Клавдия Петровна скрылась в кухне, а Валерий вздрогнул.
Соломатин посмотрел на него в упор.
— Меня зовут Ефремом Николаевичем, а ваше отчество?
— Если вы намекаете… — Валерий дотронулся до головы, — так мне всего тридцать один. Преждевременное облысение. И я надеюсь, что вы притерпитесь к моему внешнему виду!
— А зачем мне это? — искренне удивился Соломатин.
— Я надеюсь бывать у вас часто. Я ведь далеко пойду!
— В каком направлении? — спросил Ефрем Николаевич.
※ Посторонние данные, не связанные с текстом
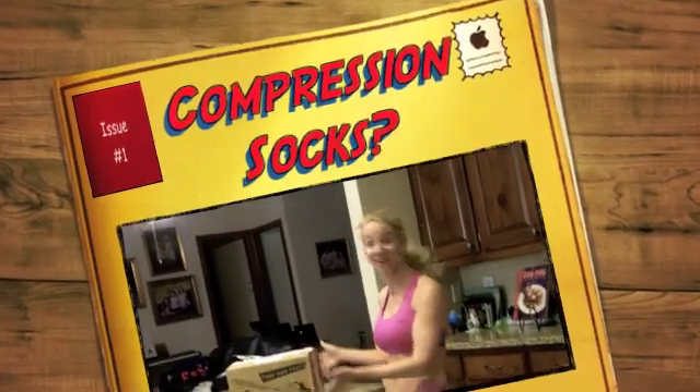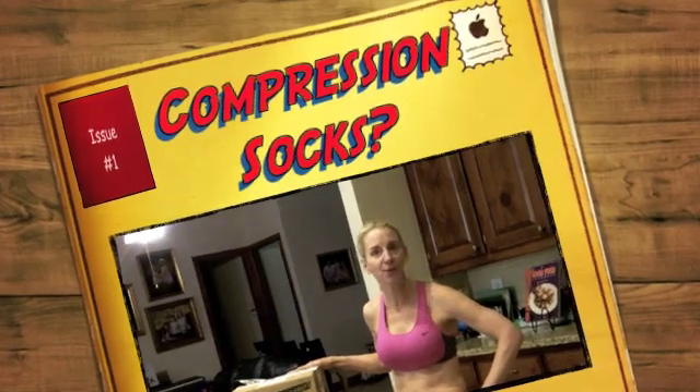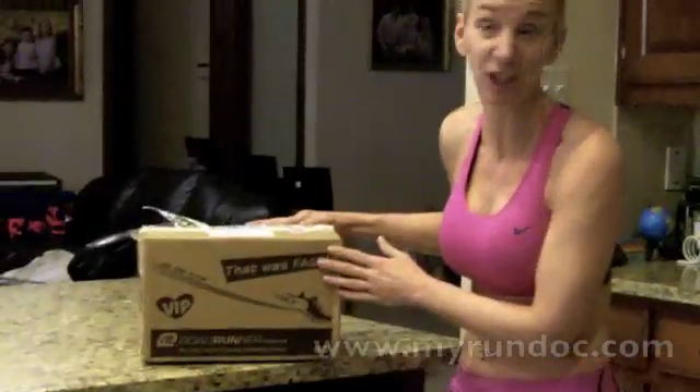Hey, it's me again. Guess what? We got another box in the mail. This time it's not Invisible Shoes, but I wonder what it is. Actually, I know what it is because I ordered it, but hey, it's from our friends at Roadrunner Sports. So let's take a look.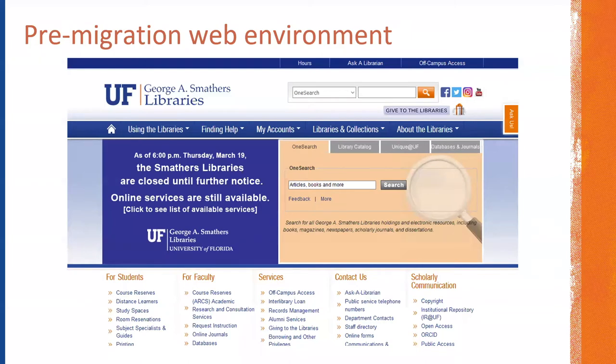Prior to this year's migration, the University of Florida George A. Smathers Library's website and web environment had been in place for nearly a decade in its current form and had not seen significant updating since it was rolled out. When I started at the University of Florida around four years ago, the need for our site to undergo modernization soon became apparent. This modernization was not only needed in look and feel, but also in making the site responsive in design and fully accessible.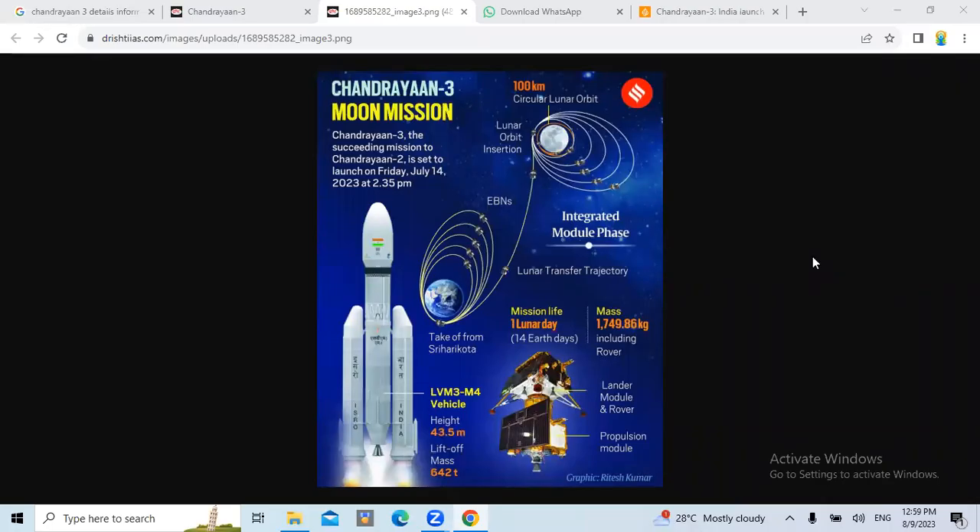Hello everyone, I am Vija from Vija Academics. Today we are going to explain about the Chandrayaan 3 moon mission. Chandrayaan 3, the succeeding mission to Chandrayaan 2, is set to launch on Friday, July 14th, 2023 at 2:35 pm. We are going to learn more detailed information about Chandrayaan 3.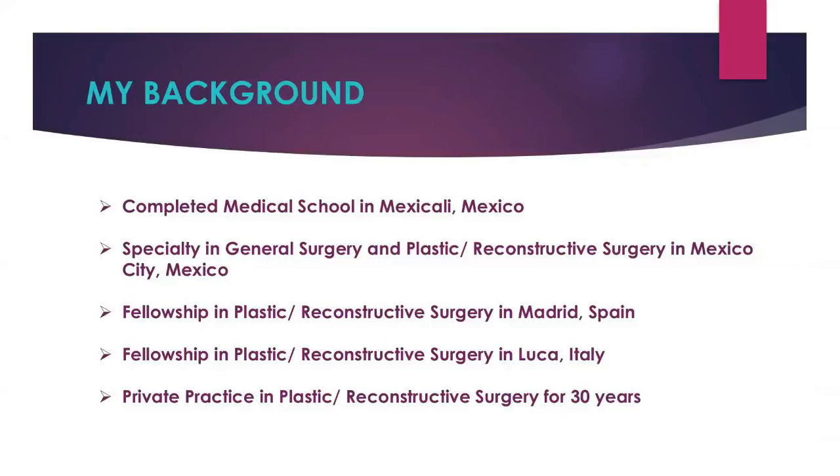I completed medical school in Mexico, in the north of Mexico, and there I made a specialty in general surgery and plastic and reconstructive surgery in Mexico City. Then I did a fellowship in plastic and reconstructive surgery in Madrid, Spain. And I have the honor to be in Italy, making a fellowship in the beautiful town of Lucca. I have been practicing plastic and reconstructive surgery for 30 years and have a lot of experience in this area.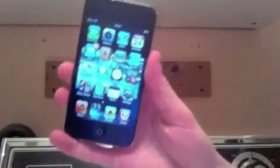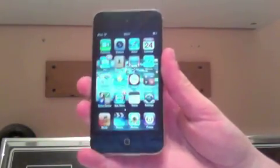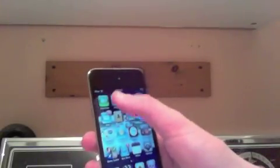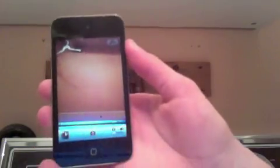Hey guys, I'm giving away an iPod Touch 4G. This is the iPod Touch I have — it does have a camera because it's the fourth generation, and it has a pretty decent camera as you can see. This is the one I'm giving away.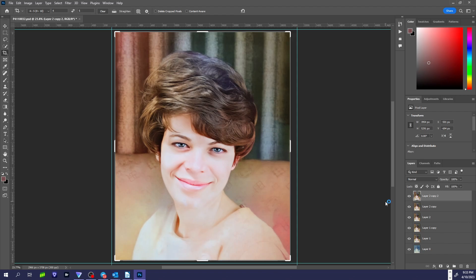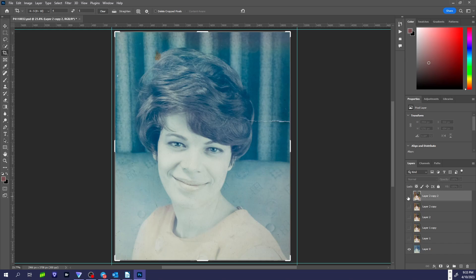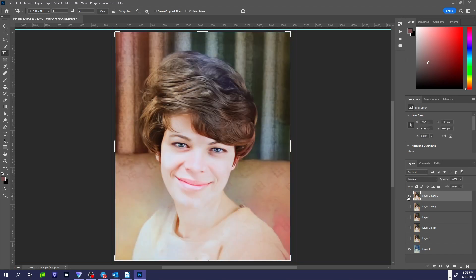So that is the final photo. Let me flip between the original and the final. Original. Final. Original. Final.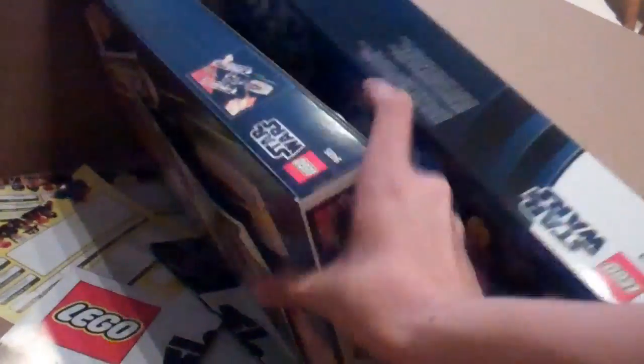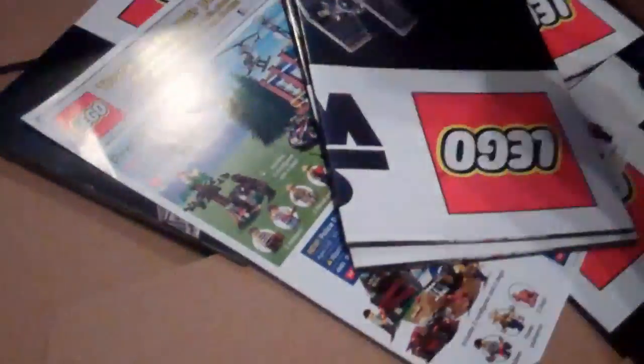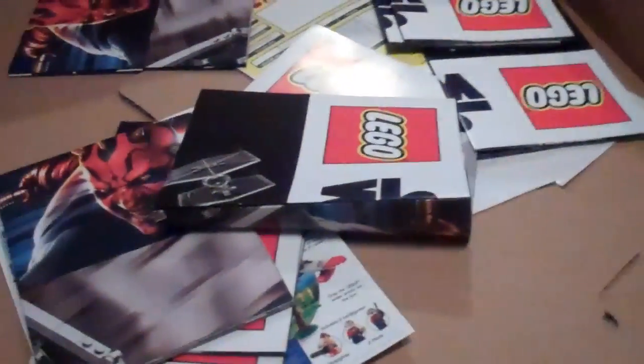Droid Escape. One of my favorites, Anakin's Jedi Interceptor. There is the Y-Wing. Oh, it looks like my posters are in there — cool. The X-Wing. So that's all the sets. And down here, I got a crapload of posters. So that's awesome. I'll see you guys next time. Bye.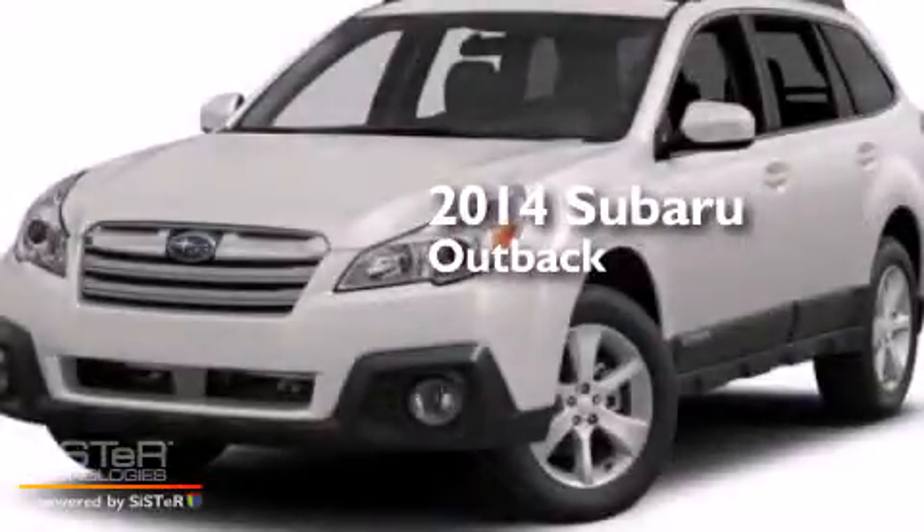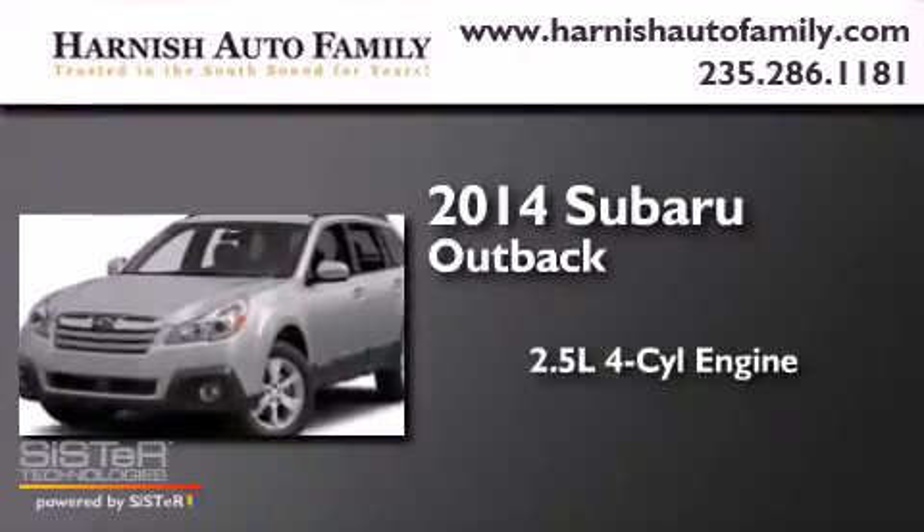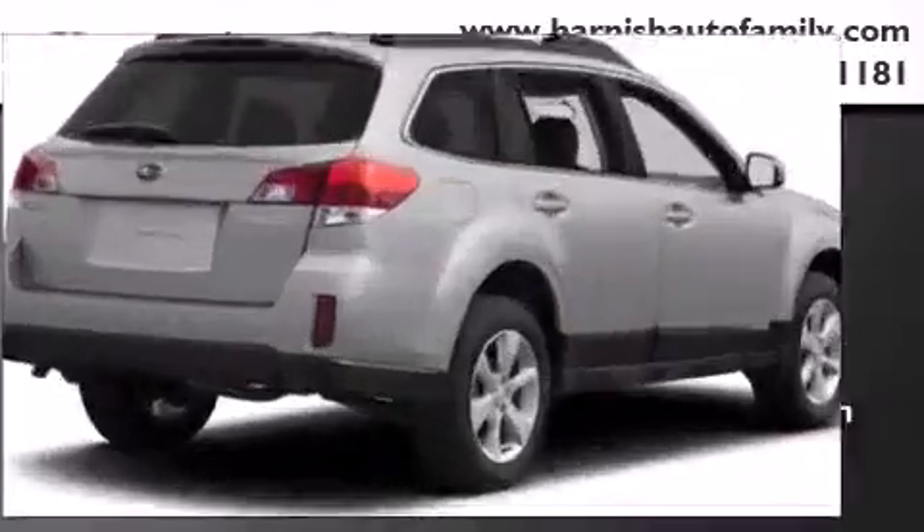This is a brand new 2014 Subaru Outback. It features a 2.5-liter four-cylinder engine, an automatic transmission, and all-wheel drive.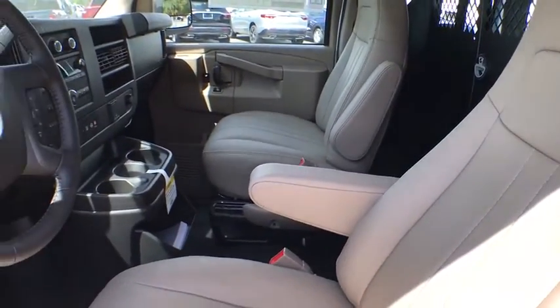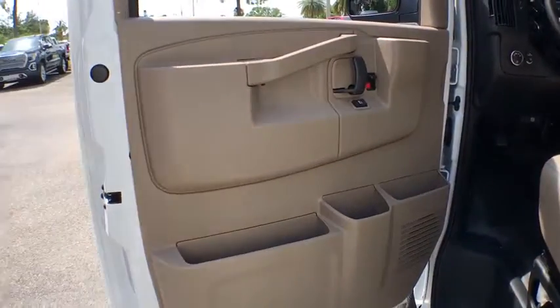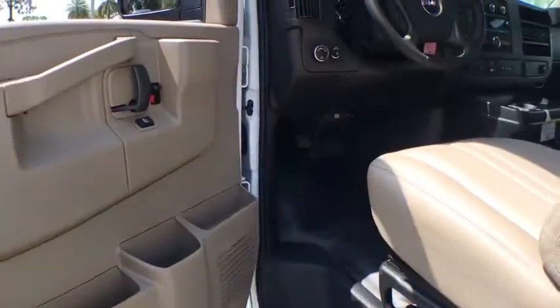Electronic stability control, trip computer, power windows, tachometer, front bucket seats, low tire pressure warning, front wheel independent suspension, and a four-piece floor mat set.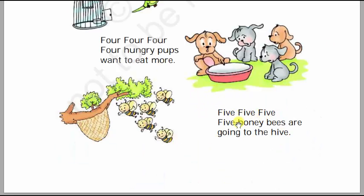Five, five, five — five honeybees are going to the hive. We will count the number of honeybees going to the hive: one, two, three, four, five. So there are five honeybees. Five, five, five — five honeybees are going to the hive. One, two, three, four, five honeybees going to the hive.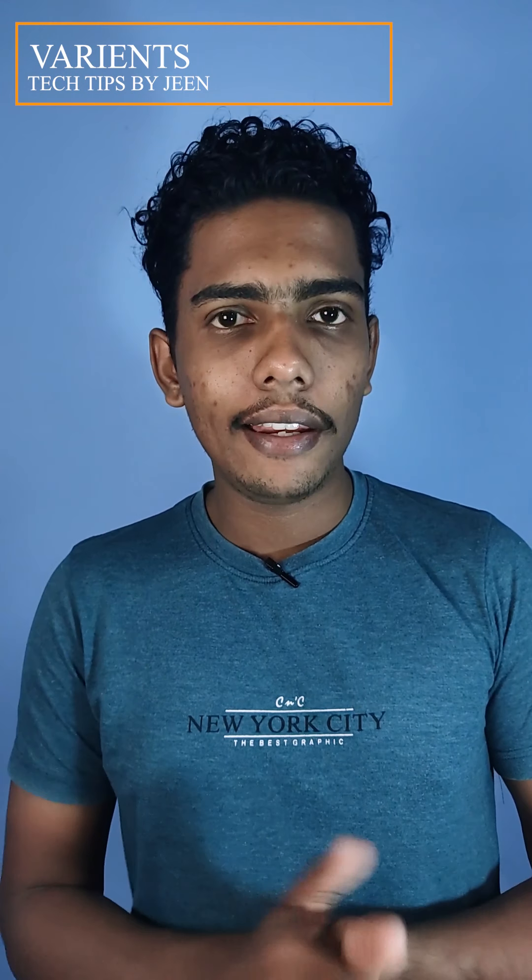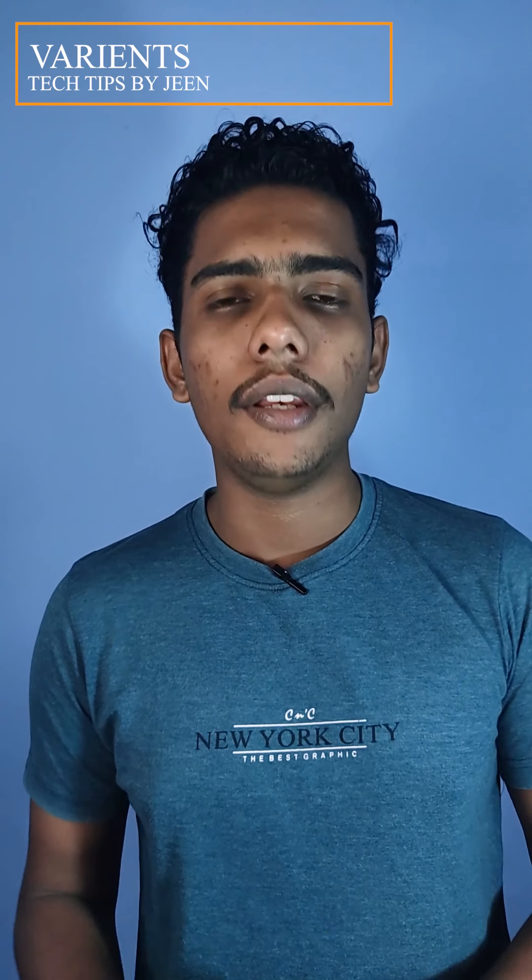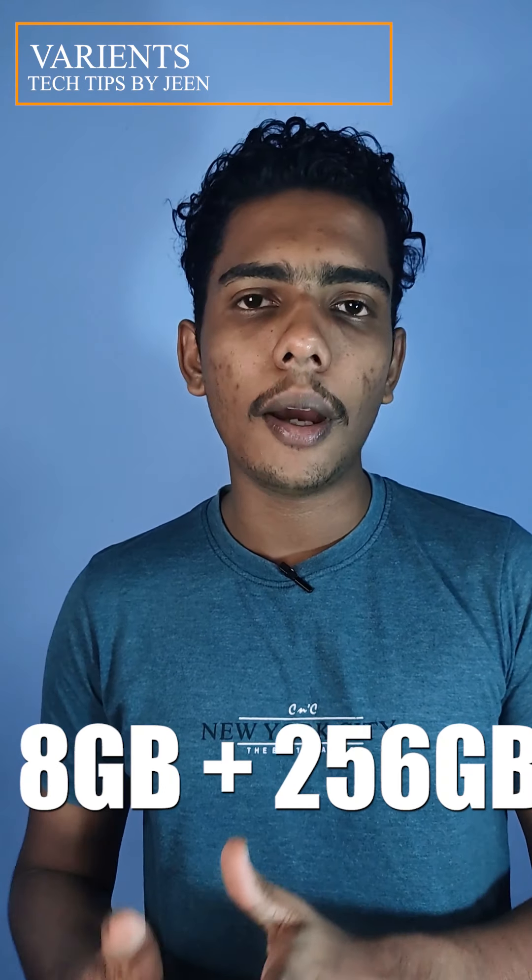It comes in two variants — including an 8GB plus 256GB option. Memory is not expandable via micro SD card. For gamers, you can stream live games and play titles like COD, PUBG, and more.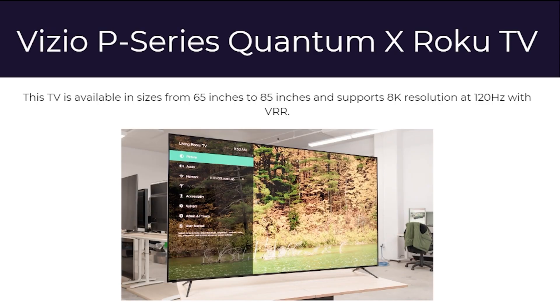And finally, there's the Vizio P Series Quantum X Roku TV, available in sizes from 65 to 85 inches, supporting up to 8K resolution at 120Hz with VRR.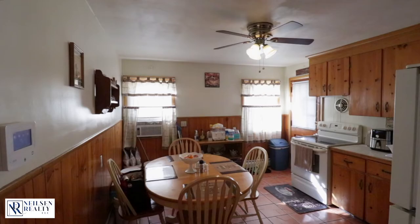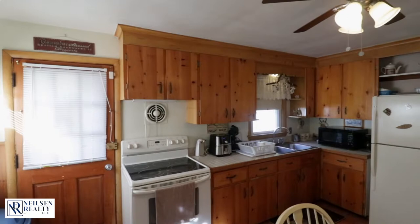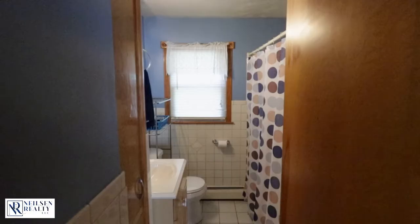This ranch style home features two bedrooms, one full bath, and a possible additional bedroom in the basement.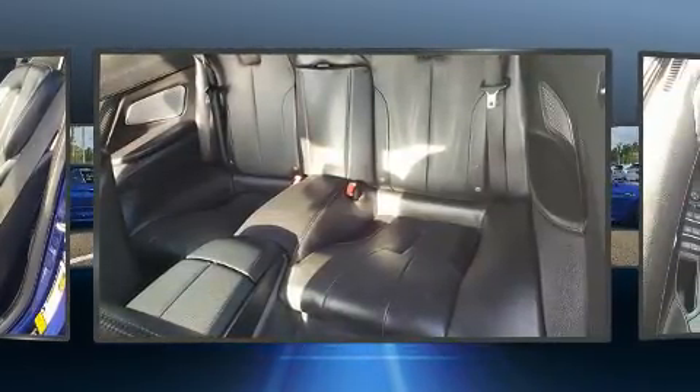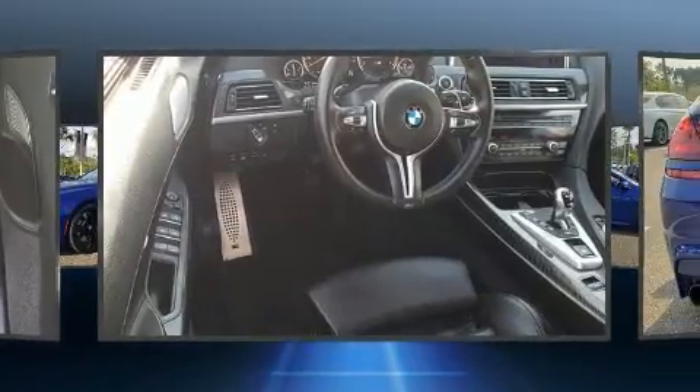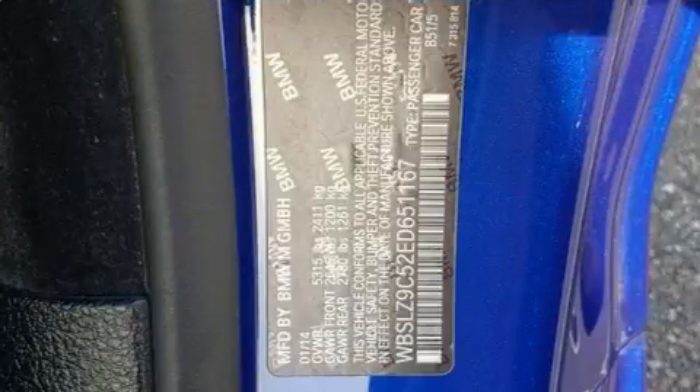BMW made sure to keep road handling and sportiness at the top of its priority list. Turbocharger technology provides forced air induction, enhancing performance while preserving fuel economy.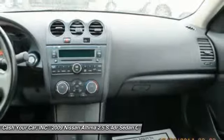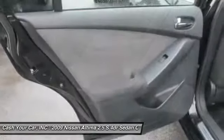Power windows, trip computer, battery saver, tachometer, single disc in-dash CD player, tinted glass.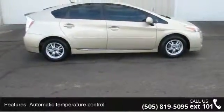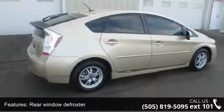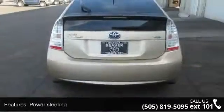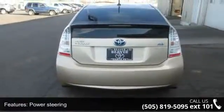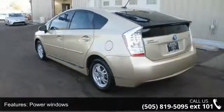Power steering, power windows, remote keyless entry, steering wheel mounted audio controls, traction control and 4-wheel disc brakes. If you are looking for a solid pre-owned car, this might be the one. Let us put you in the driver's seat today. Call or click to schedule a test drive.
— В международном! — ответил Валерий. — Я настойчивый, изучаю язык, и лакокраспокрытие для меня только ступенька. Сейчас имеет смысл ездить в заграничные командировки, не обязательно в капстраны, можно в слаборазвитые…
— Ах, можно в слаборазвитые, я это учту!
Клавдия Петровна внесла поднос с чаем, и вновь зазвенел звонок. Ефрем Николаевич пошел отворять.
— Знаешь, мама, — Тамара прислушалась к пению, — они теперь повадятся ходить к нам петь каждый день!
— Значит, папе так нужно! — Клавдия Петровна заставила себя улыбнуться. — Это не имеет значения, но я лягу в психиатрическую лечебницу!
— У вас обаятельный муж! — Валерий старательно заводил дружбу с Клавдией Петровной. — Мы с ним понимаем друг друга с полуслова!
В этот момент появился Ефрем Николаевич. Он сделал несколько шагов и остановился. Руки его бессильно висели вдоль тела.